The ever evolving Greek Melodrama continues in the pages of The Financial Times. Mr. Münchau’s essay is framed in a dire warning: ‘A failure to tell the truth imperils Greece and Europe’ and its sub-headline ‘If the IMF pulls out, Europe will be free to mismanage the crisis on its own’ Financial Times headline writers sharpen or reduce to the lowest terms, to appeal to the prejudices of its readers! If one thing is glaringly obvious, it is that from the beginning of this Crisis, from the propaganda offensive of The Virtuous Northern Tier vs The Profligate Southern Tier that was proffered by the apologists of four time defaulter Germany, the preferred method was to engage in moral shaming of the Greeks as the ethical other, as outsiders from their Northern betters.

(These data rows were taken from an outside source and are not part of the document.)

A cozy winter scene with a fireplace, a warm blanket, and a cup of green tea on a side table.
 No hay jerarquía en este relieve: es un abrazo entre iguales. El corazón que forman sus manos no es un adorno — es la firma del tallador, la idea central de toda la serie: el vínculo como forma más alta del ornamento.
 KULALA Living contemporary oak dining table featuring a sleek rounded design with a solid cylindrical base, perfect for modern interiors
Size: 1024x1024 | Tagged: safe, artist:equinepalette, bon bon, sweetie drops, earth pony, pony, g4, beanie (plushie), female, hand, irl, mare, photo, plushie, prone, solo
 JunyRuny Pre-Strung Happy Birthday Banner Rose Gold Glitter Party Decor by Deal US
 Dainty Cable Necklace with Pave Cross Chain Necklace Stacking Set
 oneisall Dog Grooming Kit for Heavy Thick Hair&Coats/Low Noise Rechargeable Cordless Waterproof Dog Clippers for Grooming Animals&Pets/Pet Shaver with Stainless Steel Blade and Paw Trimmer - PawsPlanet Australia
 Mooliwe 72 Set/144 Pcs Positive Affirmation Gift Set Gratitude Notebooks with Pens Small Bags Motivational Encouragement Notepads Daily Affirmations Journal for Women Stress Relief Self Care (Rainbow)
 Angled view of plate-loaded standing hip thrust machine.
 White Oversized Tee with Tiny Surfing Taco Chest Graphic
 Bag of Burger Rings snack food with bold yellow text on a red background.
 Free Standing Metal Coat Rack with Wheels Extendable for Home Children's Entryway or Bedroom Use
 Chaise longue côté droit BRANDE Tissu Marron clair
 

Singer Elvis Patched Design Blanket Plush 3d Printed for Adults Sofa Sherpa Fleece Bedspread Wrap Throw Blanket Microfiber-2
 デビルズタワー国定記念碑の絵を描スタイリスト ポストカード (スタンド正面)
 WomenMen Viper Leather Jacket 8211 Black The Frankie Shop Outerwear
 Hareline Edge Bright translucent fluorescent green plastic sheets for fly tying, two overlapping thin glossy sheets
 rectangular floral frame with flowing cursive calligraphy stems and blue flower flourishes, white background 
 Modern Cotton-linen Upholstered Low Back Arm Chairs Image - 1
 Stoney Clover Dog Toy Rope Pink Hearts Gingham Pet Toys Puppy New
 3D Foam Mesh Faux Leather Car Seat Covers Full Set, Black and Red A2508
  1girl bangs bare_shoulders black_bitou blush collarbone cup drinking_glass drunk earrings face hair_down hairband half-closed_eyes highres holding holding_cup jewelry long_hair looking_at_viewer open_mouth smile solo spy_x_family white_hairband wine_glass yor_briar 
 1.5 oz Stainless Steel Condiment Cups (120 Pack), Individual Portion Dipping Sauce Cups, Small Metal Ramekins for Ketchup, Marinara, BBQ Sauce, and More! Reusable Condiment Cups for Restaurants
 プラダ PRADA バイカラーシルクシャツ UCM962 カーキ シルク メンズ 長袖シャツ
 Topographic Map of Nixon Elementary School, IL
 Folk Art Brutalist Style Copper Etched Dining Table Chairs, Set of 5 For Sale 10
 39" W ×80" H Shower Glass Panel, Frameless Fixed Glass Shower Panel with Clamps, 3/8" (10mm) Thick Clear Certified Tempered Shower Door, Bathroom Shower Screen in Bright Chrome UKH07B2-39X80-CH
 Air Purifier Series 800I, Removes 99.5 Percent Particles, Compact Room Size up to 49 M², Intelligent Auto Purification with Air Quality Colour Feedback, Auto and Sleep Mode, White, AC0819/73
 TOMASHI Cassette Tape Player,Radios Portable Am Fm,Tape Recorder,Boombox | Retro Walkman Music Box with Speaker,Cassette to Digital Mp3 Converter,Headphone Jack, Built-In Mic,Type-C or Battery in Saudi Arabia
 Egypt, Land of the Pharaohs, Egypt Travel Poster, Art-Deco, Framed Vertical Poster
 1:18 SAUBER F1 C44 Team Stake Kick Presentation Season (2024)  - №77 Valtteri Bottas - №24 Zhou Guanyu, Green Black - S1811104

Yet it was Goldman Sachs that colluded with former Greek governments to hide the true level of Greek indebtedness:
Now, though, it looks like the Greek figure jugglers have been even more brazen than was previously thought. “Around 2002 in particular, various investment banks offered complex financial products with which governments could push part of their liabilities into the future,” one insider recalled, adding that Mediterranean countries had snapped up such products.
Greece’s debt managers agreed a huge deal with the savvy bankers of US investment bank Goldman Sachs at the start of 2002. The deal involved so-called cross-currency swaps in which government debt issued in dollars and yen was swapped for euro debt for a certain period — to be exchanged back into the original currencies at a later date.
And not to forget the Germans and the fact that they defaulted 4 times in the 20th Century. Ms. Tett provides the reader with the pertinent data.
And then then there is this Financial Times news story :
Headline: Tsipras warns IMF and Germany over bailout talks
Sub-headline: Greek prime minister says negotiators ‘playing with fire’ for domestic gain
Greece’s prime minister Alexis Tsipras has warned the IMF and Germany to “stop playing with fire” at the expense of the Greek people, saying he is confident a bailout deal is within reach. Markets were hit this week by concerns that a deal might not be reached before July, when Greece is due to make a €7bn debt repayment. European negotiators are trying to seal a new agreement so Greece can release another tranche of funds from its most recent €86bn bailout to make the payment. Representatives of Greece’s lenders are set to return to Athens this week to check whether Greece has complied with a second batch of reforms agreed under the current bailout.
How long does it take for the political agents of the E.U. to realize that ‘Reform’ and its instrument ‘Austerity’ are demonstrable, empirical failures? Even the IMF has reluctantly realized a portion of this reality:
Headline: Neoliberalism: Oversold?
Sub-headline: Instead of delivering growth, some neoliberal policies have increased inequality, in turn jeopardizing durable expansion
Or have I phrased it as a question when it should be a statement about the self-serving myopia that pervades the European Union, under the leadership of its capos Merkel and the ECB. The EU was and remains a cartel with the trapping of a democracy, as Yanis Varoufakis pointed out long ago. In sum, it could be observed that Monnet’s vision was not democratic but corporatist, without engaging in hyperbole.